As a part of data workflow I need to modify values in a subset of dask dataframe columns and pass the results for further computation. In particular, I'm interested in 2 cases: mapping columns and mapping partitions. What is the recommended safe & performant way to act on the data? I'm running it a distributed setup on a cluster with multiple worker processes on each host.
Case1.
I want to run:
res = dataframe.column.map(func, ...)
this returns a data series so I assume that original dataframe is not modified. Is it safe to assign a column back to the dataframe e.g. dataframe['column']=res
? Probably not. Should I make a copy with .copy() and then assign result to it like:
dataframe2 = dataframe.copy()
dataframe2['column'] = dataframe.column.map(func, ...)
Any other recommended way to do it?
Case2
I need to map partitions of the dataframe:
df.map_partitions(mapping_func, meta=df)
Inside the mapping_func() I want to modify values in chosen columns, either by using partition[column].map
or simply by creating a list comprehension. Again, how do modify the partition safely and return it from the mapping function?
Partition received by mapping function is a Pandas dataframe (copy of original data?) but while modifying data in-place I'm seeing some crashes (no exception/error messages though). Same goes for calling partition.copy(deep=False)
, it doesn't work. Should partition be deep copied and then modified in-place? Or should I always construct a new dataframe out of new/mapped column data and original/unmodified series/columns?

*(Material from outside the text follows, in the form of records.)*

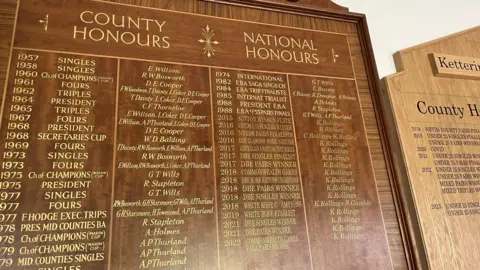 Ollie Conopo/BBC A wooden honours board, with lots of gold writing on it. 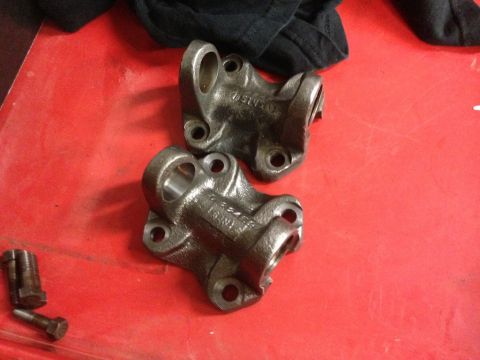 1987 Suzuki Samurai - Two drive shaft yokes are shown on a red surface, with bolts to the side. Part numbers are visible on the yokes.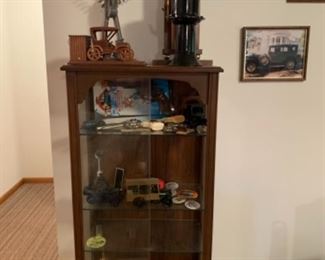 Nero collectible cabinet, model a car horn, Ford antique tools, car Avon bottles, and Cap guns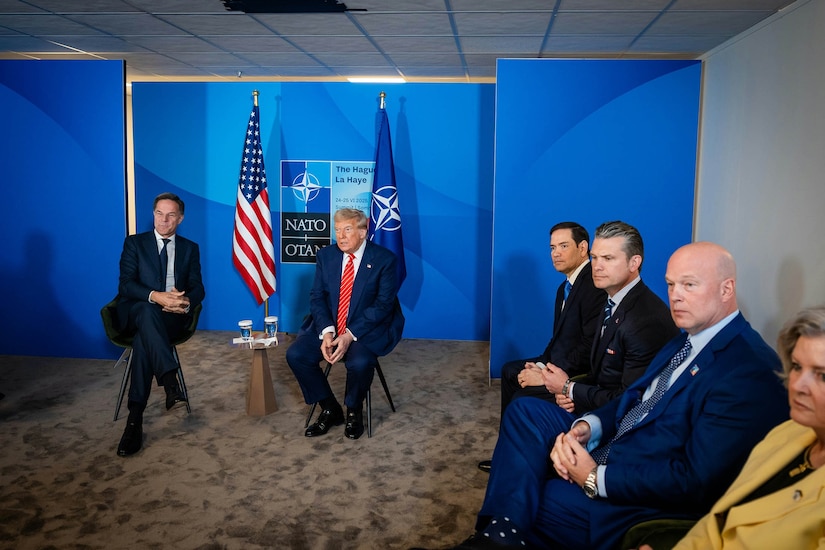 The NATO secretary general and U.S. president sit in chairs for a briefing.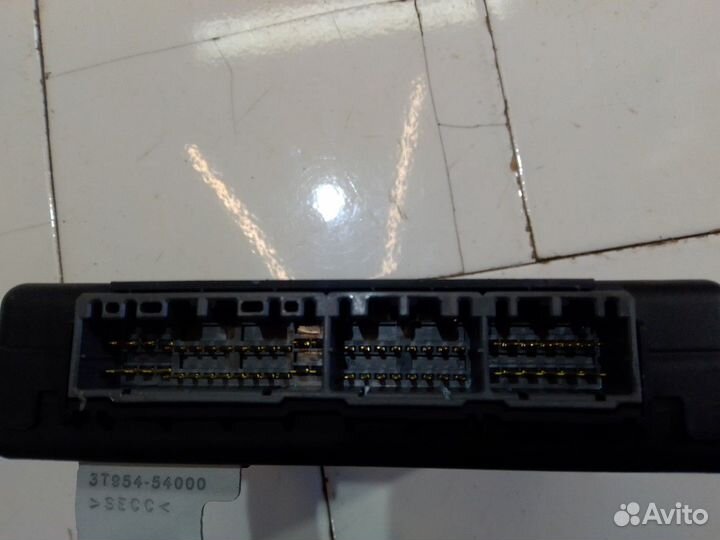 Электронный блок (Kia Quoris)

You can safely modify a dask.dataframe
Operations like the following are supported and safe
This modifies the task graph in place but does not modify the data in place (assuming that the function
func
creates a new series).You can not safely modify a partition
Your second case when you
map_partitions
a function that modifies a pandas dataframe in place is not safe. Dask expects to be able to reuse data, call functions twice if necessary, etc.. If you have such a function then you should create a copy of the Pandas dataframe first within that function.